NEVER EVER raise the bits to get a deeper cut. If that bit comes out of the collet at 20,000 rpm, it will do some serious damage. I had one come out and go through the table.
The Router Raizer that Johnjory talked about is $114 at Amazon. It looks pretty basic and simple, and there is nothing wrong with simple.


----------



## iains2007 (Oct 18, 2021)

Hi, have you thought about getting an extension for the cutter, I've never used them so I'm unsure how secure they are, perhaps someone on here has experience with them


----------



## Rebelwork Woodworking (Sep 11, 2004)

Careful with extensions.


----------



## iains2007 (Oct 18, 2021)

Rebelwork Woodworking said:


> Careful with extensions.


Don't they work or is it more careful about setting up, I've never used them so I'm unsure, that's why I suggested others on this forum would be better experienced


----------



## Rebelwork Woodworking (Sep 11, 2004)

I had one on a raised panel bit.
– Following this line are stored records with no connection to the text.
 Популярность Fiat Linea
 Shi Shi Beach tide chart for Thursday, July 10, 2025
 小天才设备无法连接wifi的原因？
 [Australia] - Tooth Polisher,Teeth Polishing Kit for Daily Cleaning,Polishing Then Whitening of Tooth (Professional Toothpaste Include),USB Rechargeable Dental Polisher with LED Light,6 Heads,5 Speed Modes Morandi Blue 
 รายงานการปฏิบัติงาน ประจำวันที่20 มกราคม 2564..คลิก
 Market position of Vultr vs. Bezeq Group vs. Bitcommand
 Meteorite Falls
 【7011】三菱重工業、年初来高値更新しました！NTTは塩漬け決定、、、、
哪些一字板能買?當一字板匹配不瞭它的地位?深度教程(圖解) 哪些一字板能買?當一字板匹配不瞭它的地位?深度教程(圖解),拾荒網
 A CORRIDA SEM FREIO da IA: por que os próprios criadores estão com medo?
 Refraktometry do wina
It let the panel bit go, luckily it didn't damage the bit or me..

If it were me I'd just hp get the 1/2 shank and get some length..


----------



## iains2007 (Oct 18, 2021)

Rebelwork Woodworking said:


> I had one on a raised panel bit. It let the panel bit go, luckily it didn't damage the bit or me..
> 
> If it were me I'd just hp get the 1/2 shank and get some length..


ouch, I've had various tool bits shatter, a chopsaw blade for instance and once had a tip from a TCT saw blade detach, neither one filled me with joy so I have a healthy respect for tools like that, I'm retired so I'm sorting out a small workshop for myself, I've acquired a Trend T11 router and I'll be getting a router table in a few months, that and a table saw should see my workshop complete and I can potter around on little things then


----------



## tdiorio649 (Nov 20, 2015)

Concerning collet extensions. I bought one years ago and couldn't use it. Made the exact opposite problem. Couldn't lower the bit enough. Extension was too long. Didn't really trust it anyway 

Sent from my SM-G991U using Tapatalk


----------



## Souza1969 (Jan 19, 2021)

It should not matter what shank or collet your using, so long as the shank has not been cut shorter. 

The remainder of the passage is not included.